Exercise instructions: The material below holds pictures; leave them out and reproduce exactly the lines from the one with "According to all" through the one with "Hello, and welcome", inclusive.

+++ Input data +++

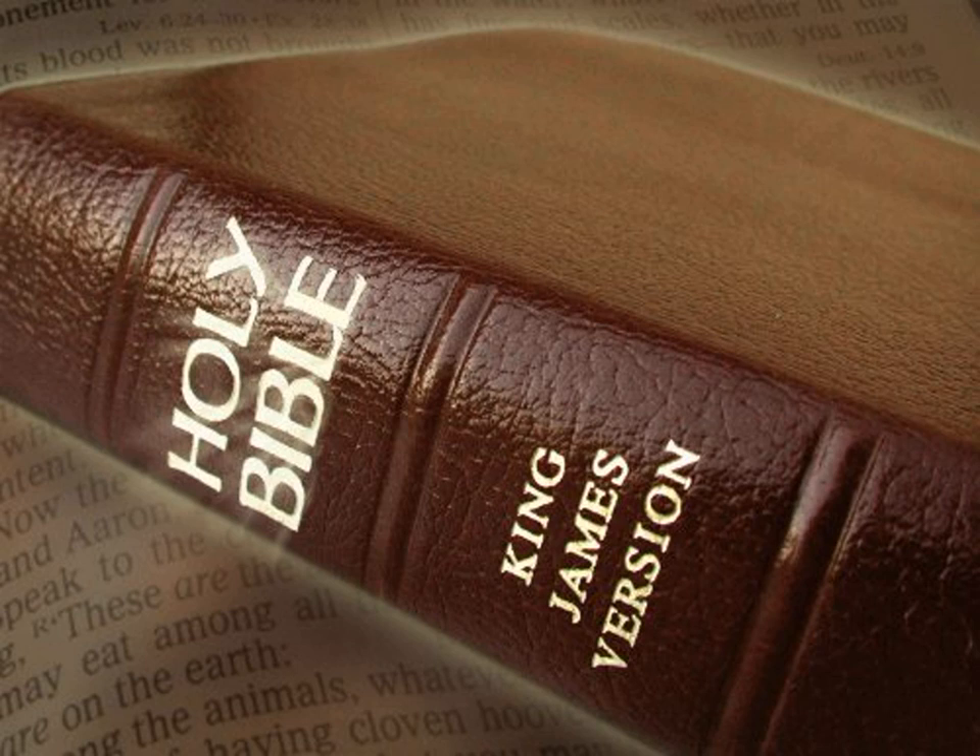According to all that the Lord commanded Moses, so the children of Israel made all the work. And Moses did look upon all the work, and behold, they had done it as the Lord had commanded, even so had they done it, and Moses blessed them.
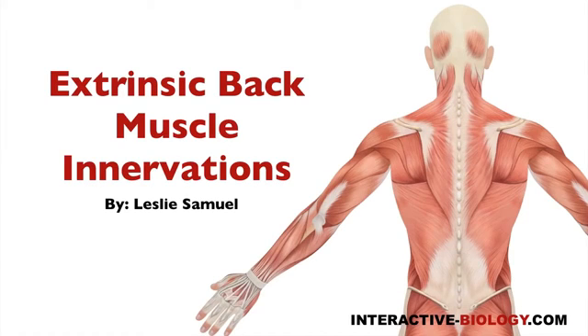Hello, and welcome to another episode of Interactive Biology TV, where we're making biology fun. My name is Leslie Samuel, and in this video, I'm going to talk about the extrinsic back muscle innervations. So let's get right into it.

+++
+++ Input data +++

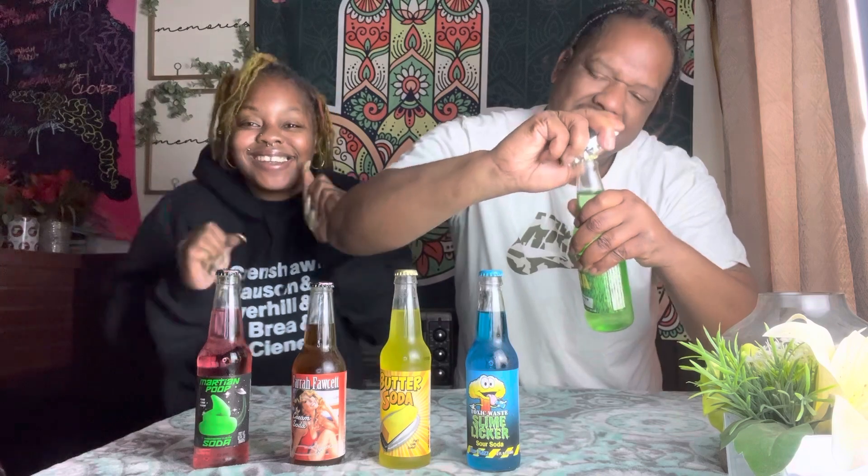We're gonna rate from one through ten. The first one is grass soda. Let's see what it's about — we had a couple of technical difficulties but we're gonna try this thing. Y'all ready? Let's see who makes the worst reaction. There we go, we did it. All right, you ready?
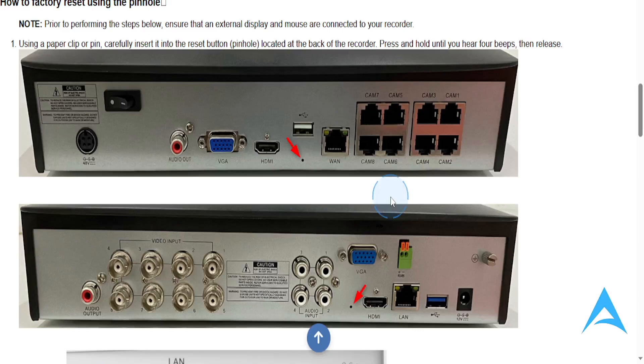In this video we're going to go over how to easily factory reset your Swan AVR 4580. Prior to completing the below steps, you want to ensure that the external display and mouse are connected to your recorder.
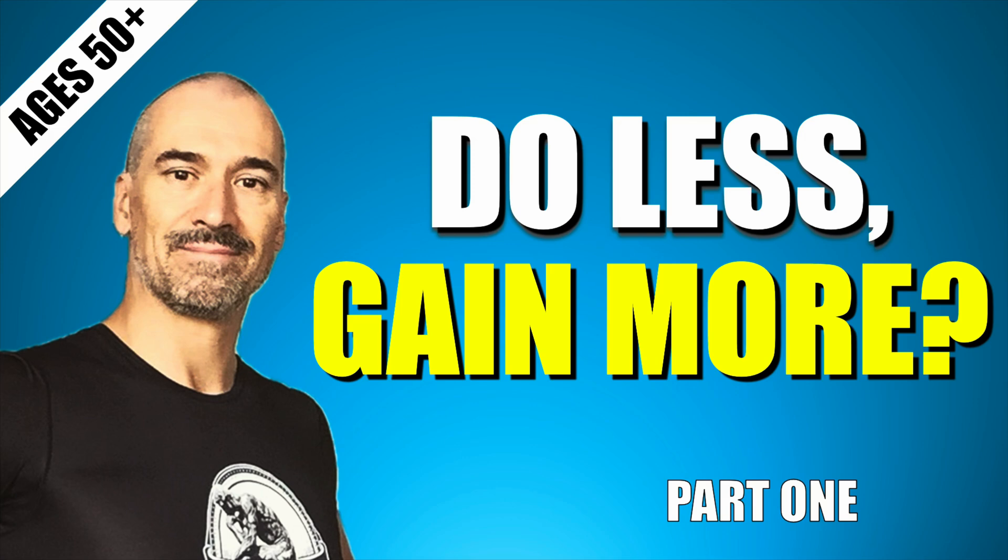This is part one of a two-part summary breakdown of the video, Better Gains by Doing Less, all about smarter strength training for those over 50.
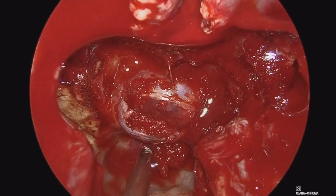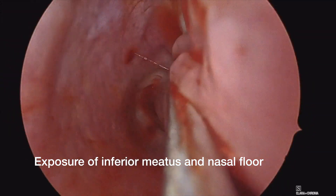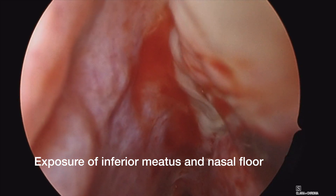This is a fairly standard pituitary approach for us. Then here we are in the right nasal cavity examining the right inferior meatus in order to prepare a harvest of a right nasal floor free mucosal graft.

+++
+++ Input data +++

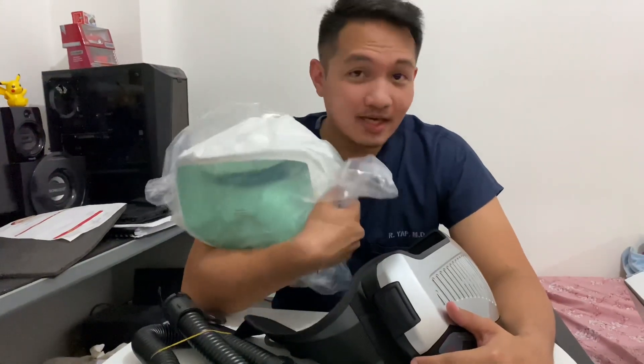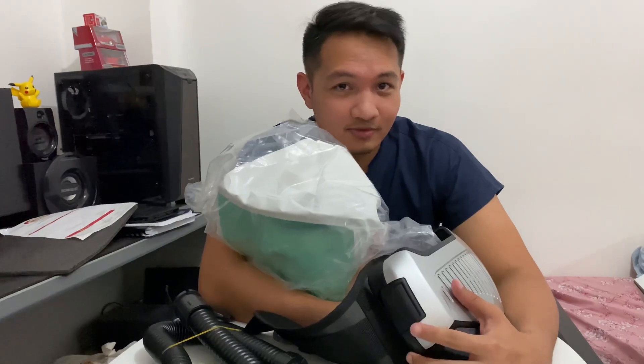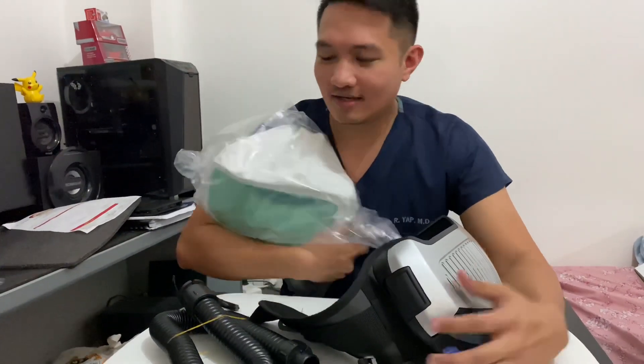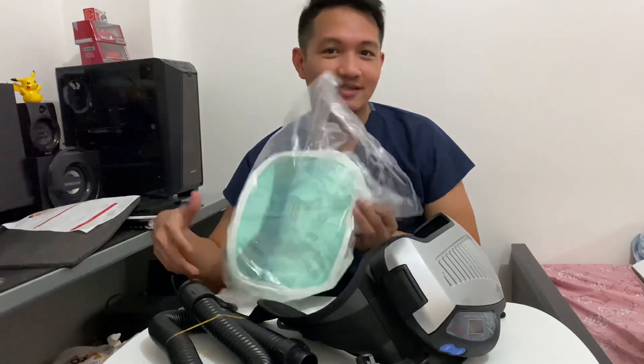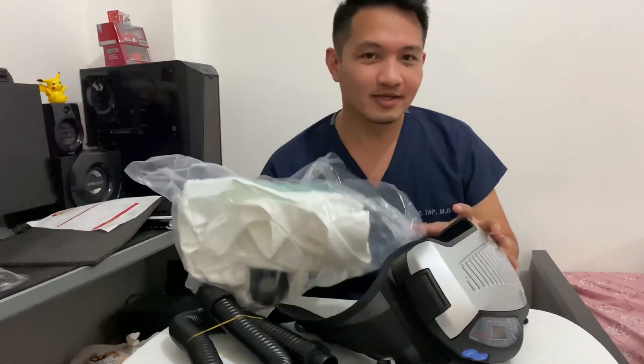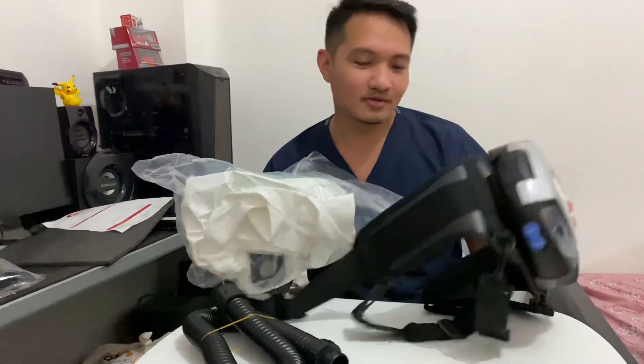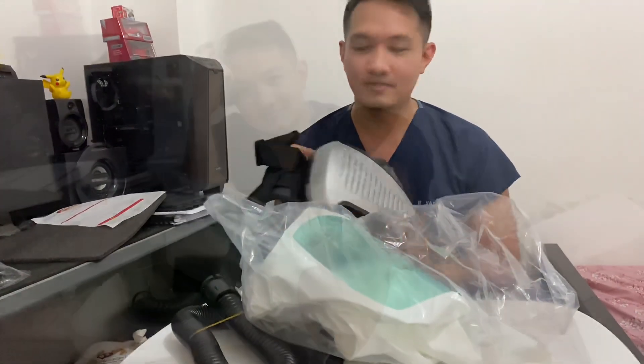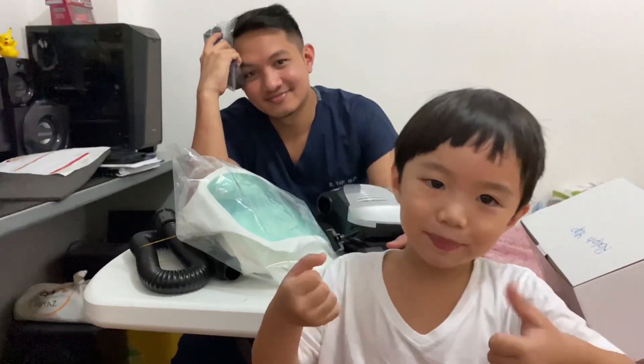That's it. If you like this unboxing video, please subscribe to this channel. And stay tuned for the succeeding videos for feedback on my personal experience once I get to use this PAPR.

+++

Written answer:
According to all that the Lord commanded Moses, so the children of Israel made all the work. And Moses did look upon all the work, and behold, they had done it as the Lord had commanded, even so had they done it, and Moses blessed them.
Hello, and welcome to another episode of Interactive Biology TV, where we're making biology fun. My name is Leslie Samuel, and in this video, I'm going to talk about the extrinsic back muscle innervations. So let's get right into it.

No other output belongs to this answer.